Engineering Net Zero Part 8: Electricity plus Hydrogen, not Electricity or Hydrogen

Article by David Simmonds CEng FIChemE

David Simmonds concludes his online series with a call for greater systems analysis to develop a credible hybrid plan for net zero energy

OVER seven features, which can be accessed online,1 I have been on a journey from the collaboration required to deliver net zero through to the options needed to give consumers more choice. Since I started the Engineering Net Zero (ENZ) series we have witnessed the warmest year on record, a cost-of-living crisis, and increasing pushback on net zero due to its perceived cost. I have explored synergies between sectors, identified potential roadblocks such as resources and skills, before addressing how we can deliver an energy system which is both affordable and reliable.

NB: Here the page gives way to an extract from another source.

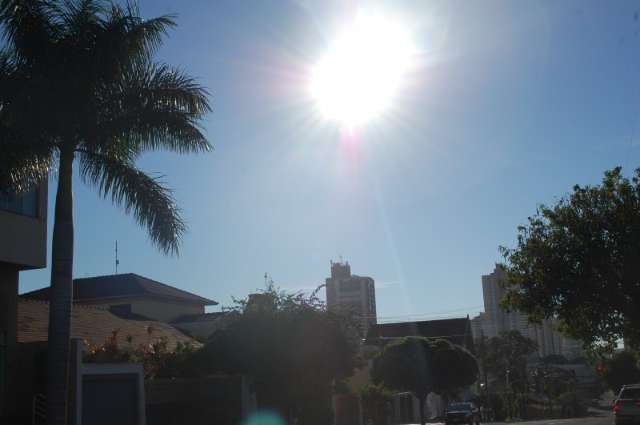 Fim de semana come&ccedil;a com calor e c&eacute;u claro em Campo Grande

As mentioned in my last feature, we must satisfy the “quadlemma” – decarbonisation, while minimising cost, ensuring security of supply, and retaining international competitiveness – addressing the energy system from supply to demand. Or, as my old company, BG, had as its strapline, “From Resources To Markets”.

Doing nothing appeals to many, while policymakers are attracted by the “silver bullet” of a fully electrified energy system. In my view, neither is viable. I propose a multi-vector solution, using hybrid technologies to secure wider appeal. In the final feature in the series, I describe how those hybrid technologies can deliver and summarise earlier conclusions by providing my ENZ recommendations.

Figure 1: Today’s energy utilisation and domestic pricing in the UK

Today’s energy system

We should start by looking at the current UK energy system, depicted in Figure 1, which, in spite of all the claims, still relies on fossil fuels for approximately 80% of total demand.

There are three primary vectors; oil, meeting half of our total energy demand, primarily for transport; natural gas, meeting a third of demand, primarily for heating on a seasonal basis; and electricity. The latter is significantly more expensive and only provides one-sixth of today’s energy and is produced to demand as it cannot be stored easily. Traditionally generated from coal, then oil, and latterly from natural gas and nuclear, electricity is increasingly produced from renewables at lower cost but delivered on an intermittent basis. Demand has dropped over the last two decades as we have improved energy efficiency and outsourced much of our industry. This trend will reverse as we deploy efficient and cleaner technologies such as heat pumps and electric vehicles (EVs), adding seasonal demand and requiring major expansions of our power grid.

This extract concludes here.